At this time, the solenoid is retracting the pop-out rod 30, and the bottom plate 12 is moved back as explained with reference to FIG.
The engaging pieces 27 push and expand the hook 26 and rise to fit into the engaging groove 26' of the hook 26, and the bottom plate 1
2 is held in the closed position.

In this state, the dehydration operation returns to the state shown in Figure 1 again.

In the above-mentioned embodiment, the bottom plate 12 is divided into two semicircular parts, but this is just an example, and one end of the bottom plate 12 can be pivoted to open the bottom plate. It's okay.

Also, there is a hook 26 that holds the bottom plate in place, a solenoid 31 that engages and releases the hook, and a ring 2 that closes the bottom plate.
3 and other configurations are merely examples, and the bottom plate 12
Needless to say, any other suitable structure may be used as long as the structure is such that it can be held in a closed state and opened and closed when desired.

As specifically explained above, the present invention provides a dewatering device in which the bottom plate of the dehydrating tank is configured to be freely openable, so that the dewatering device can be discharged without lifting or tilting the device. I can do it.

Moreover, this discharge operation is easy to automate as it only requires opening and closing the bottom plate of the dehydration tank.
The bottom plate can be opened and closed while the dehydration tank is still rotating, which has the advantage of reducing time and power loss due to starting and stopping.

That is, the positioning according to the present invention involves protruding the pop-out rod, which engages with the hook and instantly opens the bottom plate.
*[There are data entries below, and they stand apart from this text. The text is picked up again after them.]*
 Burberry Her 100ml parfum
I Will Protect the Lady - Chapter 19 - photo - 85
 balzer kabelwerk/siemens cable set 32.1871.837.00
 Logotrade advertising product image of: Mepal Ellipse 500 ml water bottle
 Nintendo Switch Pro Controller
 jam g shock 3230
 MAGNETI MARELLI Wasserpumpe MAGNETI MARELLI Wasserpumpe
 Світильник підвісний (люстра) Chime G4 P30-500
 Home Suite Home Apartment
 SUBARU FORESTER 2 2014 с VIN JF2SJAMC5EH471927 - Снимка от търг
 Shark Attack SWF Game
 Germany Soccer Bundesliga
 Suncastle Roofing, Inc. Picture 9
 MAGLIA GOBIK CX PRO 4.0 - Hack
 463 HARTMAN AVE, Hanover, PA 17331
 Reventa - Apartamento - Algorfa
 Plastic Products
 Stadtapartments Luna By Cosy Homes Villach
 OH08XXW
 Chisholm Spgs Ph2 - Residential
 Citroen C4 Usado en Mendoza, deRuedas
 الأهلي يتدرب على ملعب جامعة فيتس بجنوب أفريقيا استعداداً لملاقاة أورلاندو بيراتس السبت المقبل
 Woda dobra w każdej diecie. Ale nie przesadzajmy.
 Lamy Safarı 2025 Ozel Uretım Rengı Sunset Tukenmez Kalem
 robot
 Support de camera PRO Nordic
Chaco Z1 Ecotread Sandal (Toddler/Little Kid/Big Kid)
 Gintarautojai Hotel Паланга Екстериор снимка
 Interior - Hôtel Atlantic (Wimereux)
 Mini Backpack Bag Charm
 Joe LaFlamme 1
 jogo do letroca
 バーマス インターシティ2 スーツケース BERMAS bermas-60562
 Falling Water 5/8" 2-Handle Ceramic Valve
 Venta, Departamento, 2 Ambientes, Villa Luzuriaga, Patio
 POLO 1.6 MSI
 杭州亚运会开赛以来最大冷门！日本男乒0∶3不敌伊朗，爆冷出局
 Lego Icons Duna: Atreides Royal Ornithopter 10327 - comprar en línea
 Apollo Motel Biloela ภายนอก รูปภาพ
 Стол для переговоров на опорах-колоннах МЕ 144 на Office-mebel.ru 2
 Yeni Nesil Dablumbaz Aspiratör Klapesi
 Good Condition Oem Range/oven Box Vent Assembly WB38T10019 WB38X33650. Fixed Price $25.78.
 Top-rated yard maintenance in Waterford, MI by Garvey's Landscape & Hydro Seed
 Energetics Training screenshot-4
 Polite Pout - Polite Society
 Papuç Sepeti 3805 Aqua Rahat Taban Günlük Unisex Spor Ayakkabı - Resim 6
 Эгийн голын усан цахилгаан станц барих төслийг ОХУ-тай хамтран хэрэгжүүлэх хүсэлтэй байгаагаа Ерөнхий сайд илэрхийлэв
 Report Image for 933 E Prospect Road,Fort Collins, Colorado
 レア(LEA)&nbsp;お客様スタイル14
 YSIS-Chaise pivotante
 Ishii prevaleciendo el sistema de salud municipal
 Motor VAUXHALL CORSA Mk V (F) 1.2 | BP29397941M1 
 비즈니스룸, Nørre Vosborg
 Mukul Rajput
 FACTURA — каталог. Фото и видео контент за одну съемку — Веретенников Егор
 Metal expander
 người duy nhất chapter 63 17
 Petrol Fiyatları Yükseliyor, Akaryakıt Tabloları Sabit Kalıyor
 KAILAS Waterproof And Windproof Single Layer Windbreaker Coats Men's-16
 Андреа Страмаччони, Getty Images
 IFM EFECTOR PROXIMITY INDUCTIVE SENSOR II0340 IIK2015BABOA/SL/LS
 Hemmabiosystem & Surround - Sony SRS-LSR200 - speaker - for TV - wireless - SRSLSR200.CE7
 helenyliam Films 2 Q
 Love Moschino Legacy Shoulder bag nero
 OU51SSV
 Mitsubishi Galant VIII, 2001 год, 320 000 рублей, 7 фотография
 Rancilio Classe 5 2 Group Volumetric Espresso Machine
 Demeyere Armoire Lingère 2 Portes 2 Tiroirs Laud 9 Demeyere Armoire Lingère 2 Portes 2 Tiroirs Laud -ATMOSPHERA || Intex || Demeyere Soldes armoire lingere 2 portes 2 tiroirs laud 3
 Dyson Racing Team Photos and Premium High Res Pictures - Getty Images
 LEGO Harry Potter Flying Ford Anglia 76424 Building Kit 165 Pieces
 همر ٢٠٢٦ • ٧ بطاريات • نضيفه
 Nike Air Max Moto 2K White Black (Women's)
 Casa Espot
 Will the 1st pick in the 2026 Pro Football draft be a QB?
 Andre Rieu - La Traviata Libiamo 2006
[Brief explanation of the drawing]

FIG. 1 is a longitudinal sectional view of a dewatering device according to an embodiment of the present invention, FIG. 2 is a plan view taken along the line - in FIG. 1, and FIGS. FIG. 6 is an enlarged side view showing the operation of the hook 26 employed in this embodiment, and is a schematic diagram of the device showing the operation of the device shown in FIG. 1... Airframe, 2... Rotating shaft, 4... Dehydration tank, 1
2... Bottom plate, 14... Lever, 6... Geared motor, 18... Crank pin, 20... Lever,
23...Ring, 26...Hook, 27...Engagement piece, 30...Protrusion rod.

Claims (1)

[Claims] 1. The rotating dehydration tank has a bottom plate that can be opened freely,
In a dewatering device in which the material to be dehydrated in the dehydration tank can be dropped and taken out by opening the bottom plate, there is provided a hook attached to the dehydration tank to hold the bottom plate in a closed position, and a hook attached to the dehydration tank to hold the bottom plate in a closed position. It has a pop-out rod that can be moved in and out of the hook, and the pop-out rod is configured to open the bottom plate when it is projected and comes into contact with the hook, and returns the bottom plate to the closed chain position again. A dehydration device characterized by having a means.